▶ **Task description**: Please return only the lines from the one holding "or not Young" through the one holding "Cztery osoby pozują", exactly as they appear in the records below, both ends included.

▶ **Dataset items**:

--- START ---

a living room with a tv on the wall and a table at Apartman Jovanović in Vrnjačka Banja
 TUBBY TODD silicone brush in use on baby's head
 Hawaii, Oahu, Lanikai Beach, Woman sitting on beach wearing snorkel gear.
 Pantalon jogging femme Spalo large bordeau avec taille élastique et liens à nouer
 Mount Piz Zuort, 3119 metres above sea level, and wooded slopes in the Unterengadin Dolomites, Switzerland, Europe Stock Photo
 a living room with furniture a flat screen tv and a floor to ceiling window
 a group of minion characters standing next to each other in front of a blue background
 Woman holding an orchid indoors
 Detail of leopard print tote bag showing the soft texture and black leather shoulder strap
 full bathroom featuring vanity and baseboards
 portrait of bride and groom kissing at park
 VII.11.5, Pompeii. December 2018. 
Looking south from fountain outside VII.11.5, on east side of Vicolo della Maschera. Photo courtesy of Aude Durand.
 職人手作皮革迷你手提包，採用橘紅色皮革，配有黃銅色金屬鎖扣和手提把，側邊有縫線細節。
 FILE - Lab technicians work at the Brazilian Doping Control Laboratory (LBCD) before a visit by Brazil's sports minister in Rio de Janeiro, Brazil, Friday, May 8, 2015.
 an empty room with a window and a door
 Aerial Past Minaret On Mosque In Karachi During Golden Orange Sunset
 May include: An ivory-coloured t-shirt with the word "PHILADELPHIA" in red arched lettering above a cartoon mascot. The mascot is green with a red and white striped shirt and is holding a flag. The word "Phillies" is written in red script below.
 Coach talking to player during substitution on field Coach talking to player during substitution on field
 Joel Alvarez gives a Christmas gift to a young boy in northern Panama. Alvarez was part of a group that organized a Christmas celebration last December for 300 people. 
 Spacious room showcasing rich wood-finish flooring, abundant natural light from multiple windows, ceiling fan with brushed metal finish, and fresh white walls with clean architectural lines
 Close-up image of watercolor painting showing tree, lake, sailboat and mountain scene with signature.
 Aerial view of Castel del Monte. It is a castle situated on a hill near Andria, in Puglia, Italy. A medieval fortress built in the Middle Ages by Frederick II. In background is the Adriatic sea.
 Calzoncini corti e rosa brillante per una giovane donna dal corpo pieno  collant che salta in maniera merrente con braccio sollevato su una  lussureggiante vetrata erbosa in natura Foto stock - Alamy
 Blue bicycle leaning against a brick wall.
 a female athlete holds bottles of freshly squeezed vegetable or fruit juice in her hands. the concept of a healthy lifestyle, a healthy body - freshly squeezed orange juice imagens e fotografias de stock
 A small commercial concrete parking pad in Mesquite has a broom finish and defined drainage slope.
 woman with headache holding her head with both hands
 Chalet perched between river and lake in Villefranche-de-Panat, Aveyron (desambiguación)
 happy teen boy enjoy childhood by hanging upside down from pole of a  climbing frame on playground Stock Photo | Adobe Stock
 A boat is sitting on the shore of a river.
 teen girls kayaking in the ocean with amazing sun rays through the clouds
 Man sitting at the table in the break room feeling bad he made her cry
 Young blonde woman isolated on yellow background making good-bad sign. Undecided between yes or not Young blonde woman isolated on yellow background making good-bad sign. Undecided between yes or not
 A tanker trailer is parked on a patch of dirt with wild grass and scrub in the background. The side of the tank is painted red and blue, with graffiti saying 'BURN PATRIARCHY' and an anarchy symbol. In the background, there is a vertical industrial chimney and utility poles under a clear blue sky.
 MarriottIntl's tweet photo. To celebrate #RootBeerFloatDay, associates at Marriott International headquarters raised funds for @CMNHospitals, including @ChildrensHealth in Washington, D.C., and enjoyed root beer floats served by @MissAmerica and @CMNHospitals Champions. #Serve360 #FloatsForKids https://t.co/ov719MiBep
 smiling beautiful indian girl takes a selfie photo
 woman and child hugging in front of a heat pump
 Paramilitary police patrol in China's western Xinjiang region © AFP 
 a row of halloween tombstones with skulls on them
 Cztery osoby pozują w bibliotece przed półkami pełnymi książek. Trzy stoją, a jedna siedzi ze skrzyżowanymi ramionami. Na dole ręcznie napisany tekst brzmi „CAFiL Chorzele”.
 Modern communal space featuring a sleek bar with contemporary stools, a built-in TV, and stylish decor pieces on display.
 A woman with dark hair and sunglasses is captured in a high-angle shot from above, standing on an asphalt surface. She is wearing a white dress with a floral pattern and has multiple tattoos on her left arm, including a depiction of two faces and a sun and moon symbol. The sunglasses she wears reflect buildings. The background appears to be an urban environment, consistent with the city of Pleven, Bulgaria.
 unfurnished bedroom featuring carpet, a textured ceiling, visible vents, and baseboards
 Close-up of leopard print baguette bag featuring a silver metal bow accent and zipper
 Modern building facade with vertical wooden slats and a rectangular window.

--- END ---

▶ **Completed task**:
 Young blonde woman isolated on yellow background making good-bad sign. Undecided between yes or not Young blonde woman isolated on yellow background making good-bad sign. Undecided between yes or not
 A tanker trailer is parked on a patch of dirt with wild grass and scrub in the background. The side of the tank is painted red and blue, with graffiti saying 'BURN PATRIARCHY' and an anarchy symbol. In the background, there is a vertical industrial chimney and utility poles under a clear blue sky.
 MarriottIntl's tweet photo. To celebrate #RootBeerFloatDay, associates at Marriott International headquarters raised funds for @CMNHospitals, including @ChildrensHealth in Washington, D.C., and enjoyed root beer floats served by @MissAmerica and @CMNHospitals Champions. #Serve360 #FloatsForKids https://t.co/ov719MiBep
 smiling beautiful indian girl takes a selfie photo
 woman and child hugging in front of a heat pump
 Paramilitary police patrol in China's western Xinjiang region © AFP 
 a row of halloween tombstones with skulls on them
 Cztery osoby pozują w bibliotece przed półkami pełnymi książek. Trzy stoją, a jedna siedzi ze skrzyżowanymi ramionami. Na dole ręcznie napisany tekst brzmi „CAFiL Chorzele”.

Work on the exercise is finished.